TASK DIRECTIONS —
Write the listing out again, all of it, word for word.

PROVIDED MATERIAL —
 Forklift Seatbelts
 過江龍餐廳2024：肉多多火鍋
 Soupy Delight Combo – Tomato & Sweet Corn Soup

RESULT OF THE EXERCISE —
 Forklift Seatbelts
 過江龍餐廳2024：肉多多火鍋
 Soupy Delight Combo – Tomato & Sweet Corn Soup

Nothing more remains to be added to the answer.